Dabei sind gerade in Greifswald die Mieten und sonstige Kosten für Studierende etwas höher als sonst im Osten. In Chemnitz, Cottbus, Frankfurt/Oder, Neubrandenburg oder auch Leipzig lässt es sich da noch weit besser haushalten. Dieses »Studieren im Osten mit weniger Kosten«, wie es in der Fernost-Kampagne heißt, ist in Euro und Cent belegbar. So muss, wer im Osten studiert, laut einer Analyse der FH Erfurt im Monatsschnitt 53 Euro weniger ausgeben als Studiosi an Rhein oder Isar. Während der bundesweite Mittelwert für Mietausgaben eines Studierenden bei monatlich 281 Euro liegt, fallen im charmanten Erfurt nur 249 Euro an.
Den Vorzug fehlender Studienkosten hat der Osten inzwischen zwar eingebüßt, denn sie werden nirgendwo mehr erhoben. Dafür punkten die Hochschulen mit anderen Werten: hohe Unterrichtsqualität in weniger überfüllten Hörsälen, moderne Ausstattung, geringere Studentenzahlen pro Professor.
Dazu kommt eine zunehmend brillante Forschung. Auch hierfür ließ der Bund mit dem Programm »Spitzenforschung und Innovation in den Neuen Ländern« gut 220 Millionen Euro bis 2014 springen. Als besonderer Vorzug ostdeutscher Einrichtungen gilt ihre Praxisnähe, gerade im technischen Bereich. Fünf der 18 deutschen TU befinden sich im Osten, neben Cottbus und Ilmenau auch in Chemnitz, Dresden und Freiberg. Allein drei der vier sächsischen Universitäten festigten so ihr traditionelles ingenieur- technisches Profil.

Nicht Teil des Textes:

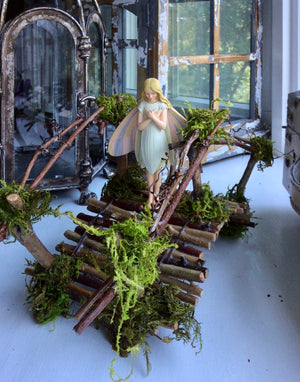 Sycamore Branch Fairy Bridge, Each one of a Kind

Hinzu kommen fünf technisch-wirtschaftlich ausgerichtete FH in Dresden, Leipzig, Mittweida, Zittau/Görlitz und Zwickau.
Für Burkhard Venz, Teamleiter für technische Berufe bei der Arbeitsagentur Leipzig, ist Sachsen damit der »größte Ingenieurausbilder Europas«. Mit einem Abschluss etwa in Maschinenbau oder Verkehrswesen habe ein junger Ingenieur auf Arbeitssuche »bereits wegen der besuchten Hochschule einen Namen«.
Hinzu kommen in Städten wie Leipzig noch eine reiche Kultur- und Kneipenszene, ein Campus direkt im Herzen der City sowie eine Universitätsbibliothek, die sieben Tage die Woche 24 Stunden geöffnet ist. Wem nachts um drei nach Lernen ist, findet problemlos Einlass. Und hinterher geht es womöglich auf ein Bierchen – die Messestadt kennt keine Polizeistunde.
Wenn dennoch drei Fünftel der westdeutschen Abiturienten keinen Bock auf eine Universität in Fernost haben, liegt das mehr am Fernen als am Osten. Denn Umfragen zufolge wollen bis zu 80 Prozent von ihnen am liebsten »direkt um die Ecke« studieren.
Als besonderer Vorzug ostdeutscher Hochschulen gilt ihre Praxisnähe, gerade im technischen Bereich.